1. Masalah kredit macet.

2. Tingginya perceraian anggota koperasi.

3. Perkembangan kinerja masing-masing pengurus.

4. Arahan dan akses modal dari pemerintah.

5. Pembentukan koordinator wilayah anggota.

6. Review proses pencairan pinjaman

7. Sharing hasil pelatihan

8. Usaha dagang dan rencana usaha gaduhan kambing.

9. Persiapan RAT.

upload_yuliDari sembilan pokok bahasan tersebut, diperoleh beberapa informasi dan beberapa kebijakan sertakeputusan, diantaranya adalah:

Pertama, sekretaris koperasi diharapkan untuk selalu up date perkembangan jumlah anggota sesuai dengan form yang ada dibuku induk, membuat profil pengurus dan pengawas yang baru, membuat profil koperasi terbaru, menginventarisir surat keluar dan surat masuk, meminta laporan atau notulensi dari anggota yang diutus mengikuti pelatihan.

Kedua, bendahara diminta untuk selalu melakukan up date perkembangan keuangan koperasi dengan menggunakan analisa rasio dan mencari strategi dalam penyelesaian kredit macet. selain itu dalam proses pencairan pinjaman bendahara bersama dengan ketua diminta untuk lebih selektif.

Ketiga, unit usaha dagang koperasi lebih mengintensifkan dan memfasilitasi penyediaan kebutuhan anggota yang mempunyai usaha khususnya terkait packing dan label produk.
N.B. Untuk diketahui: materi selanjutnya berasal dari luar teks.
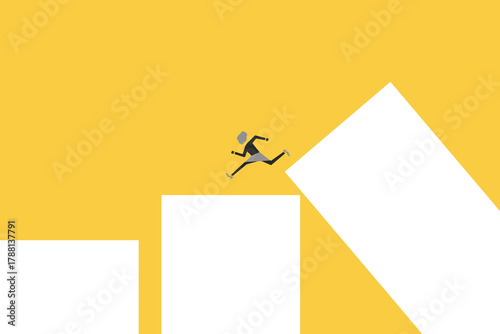 Business woman running down. Business crash, disaster vector concept. Symbol of fall, recession, danger and risk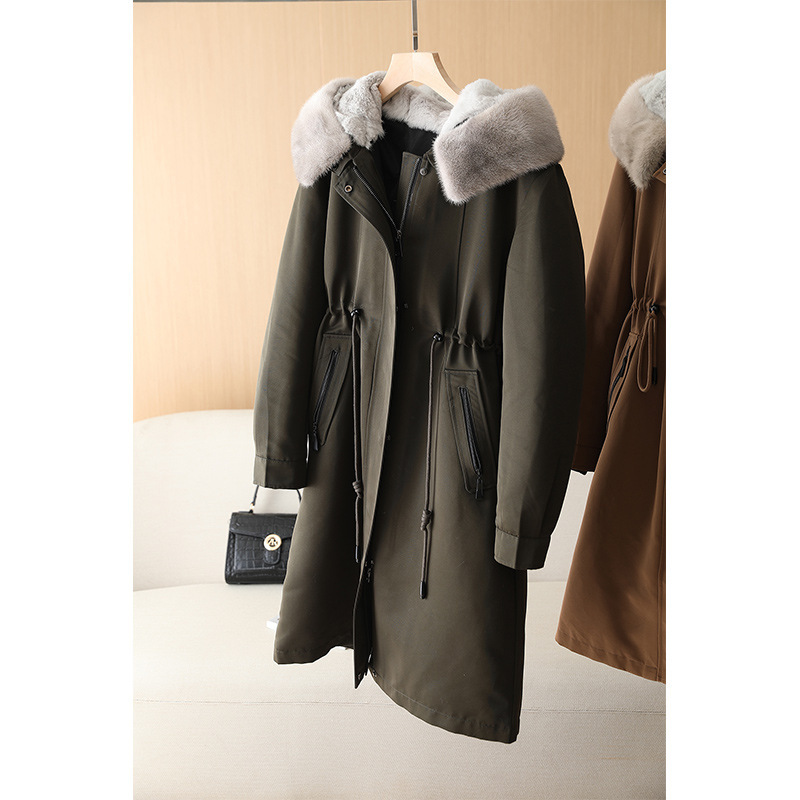 Mink Fur Collar Parka with Detachable Rabbit Fur Lining, Women's Style, Autumn and Winter Waist-Cinching Mid-Length Real Fur Coat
Kerena terkait jaringan koperasi telah menyerahkan kepada anggota yang berpreoduksi.

Keempat, Informasi dari pemerintah terkait dengan akses modal dari dana APBD provinsi, koperasi akan membuat proposal dan mengajukan pinjaman sebesar 75 juta untuk menutup sisa pinjaman di Bank Daerah Gunungkidul yang bunganya terlalu tinggi dan sisanya untuk memenuhi kebutuhan anggota. Hal tersebut dilakukan karena bunga dari APBD provinsi sangatlah rendah yaitu 3% dalam satu tahun atau hanya 0,25% per bulan.Penanggungjawab dalam hal ini diserahkan kepada sekretaris.
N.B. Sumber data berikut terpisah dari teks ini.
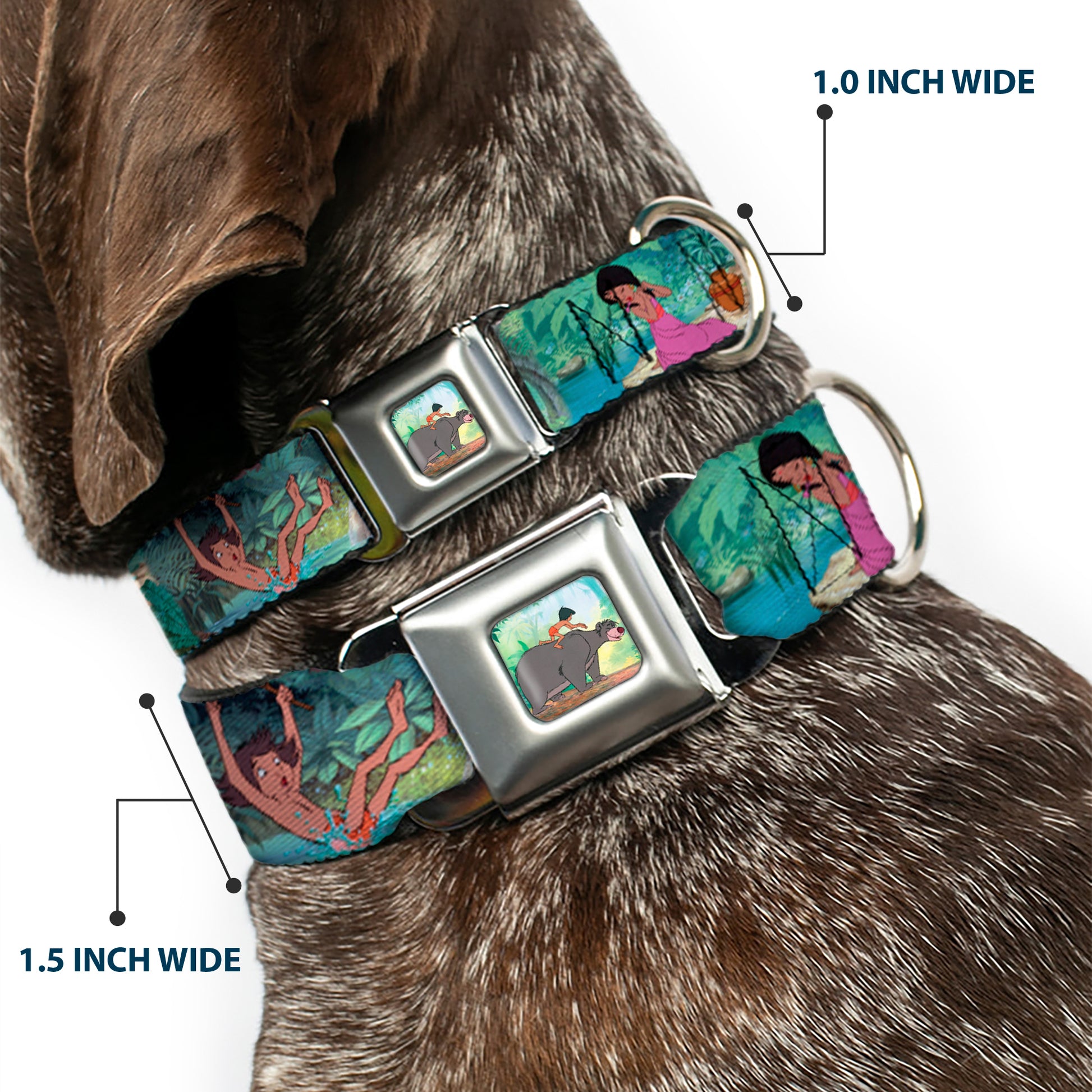 Mowgli Riding Baloo Full Color Seatbelt Buckle Collar - The Jungle Book Scenes Seatbelt Buckle Collars Disney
Kelima, hasil pelatihan dari Dinas PERINDAGKOP & ESDM khusunya bagian perdagangan, dalam menjalankan usaha para pengusaha harus; konsisten dengan jaringan yang telah dibangun, harus ramah dan murah senyum dalam melayani konsumen, berfikir positif atas kritik saran dan masuk, harus mempunyai target, produktifitas teratur, perlindungan konsumen manjadi prioritas. Sementara terkait dengan produk yang menjadi contoh, produk mendapat penilaian bahwa produk sudah bagus dan masih original dan yang menjadi masukan terkait dengan packing dan petunjuk dalam penyajian dalam produk tersebut.
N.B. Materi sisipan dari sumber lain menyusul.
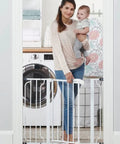 Extra Wide Baby Gate For Doorways And Bottom Of Stairs Adjustable From 29 To 38 Inches 30 Inches Tall With 6 Inch Extension in a doorway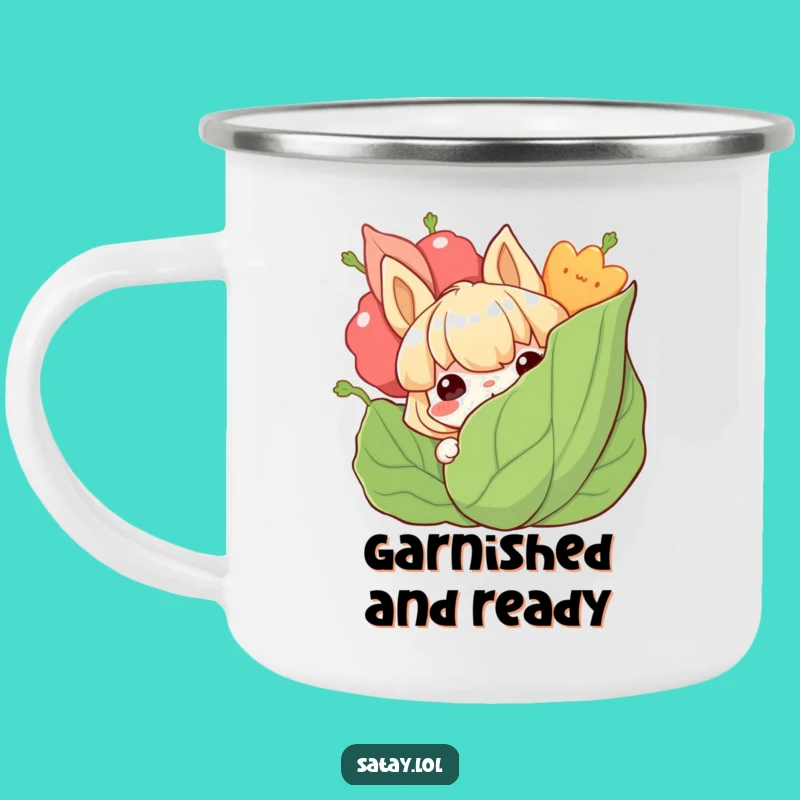 Funny Satay Camping Mug: Grinning Skewer Enamel Cup, Perfect Gift!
Keenam, adanya pembagian penanggungjawab terkait dengan permasalahan kredit macet. Dimana penanggungjawab untuk melakukan penagihan diantaranya adalah Sunarwi (wakil bendahara), Mujini (Pengawas), Ngatemi (Ketua), Jumikem (Ketua Bandahara). Terget akhir november kredit macet dibawah 1%, syukur sampai pada tidak adanya kredit macet.

Ketujuh, terbentuklah koordinator untuk masing-masing wilayah yang mempunyai fungsi sebagai tangan panjang koperasi untuk kelancaran komunikasi antar anggota dan pengurus koperasi, diantaranya adalah;

Coordinator wilayah Dungmas, Buyutan, Munggur : Bu Dalini

Coordinator wilayah Randusari & Cikal: Bu Halimah

Coordinator wilayah Sambirejo, Sabrang, Watusigar, Ngampon, Ngimbang : Bu Muryani

Coordinator wilayah Tapansari: Bu Sekemi

Coordinator wilayah Gebang & Klampok: Suprihatin

Coordinator wilayah  Ngasinan & Beji: pengurus koperasi

Kedelapan, koperasi akan membuka unit usaha baru yaitu unit usaha gaduhan kambing. Hal tersebut dilakukan atas permintaan anggota dengan harapan anggota menikmati manfaat keberadaan koperasi secara langsung. Usaha tersebut direncanakan akan dimulai pada awal tahun 2015.

Kesembilan, dalam rangka menyongsong RAT koperasi tahun buku 2014, pengurus koperasi mulai menginventarisir hal-hal yang perlu disiapkan dan siapa penanggungjawabnya. adapun hal-hal tersebut, diantaranya adalah:

1. Evaluasi pelaksanaan RAPB dan program kerja tahun 2014serta merancang RABP dan program kerja tahun 2015 akan dilakukan oleh pengawas dan ketua koperasi. Dalam rapat pengurus selanjutnya sudah dapat dilihat hasil dan perkembangannya.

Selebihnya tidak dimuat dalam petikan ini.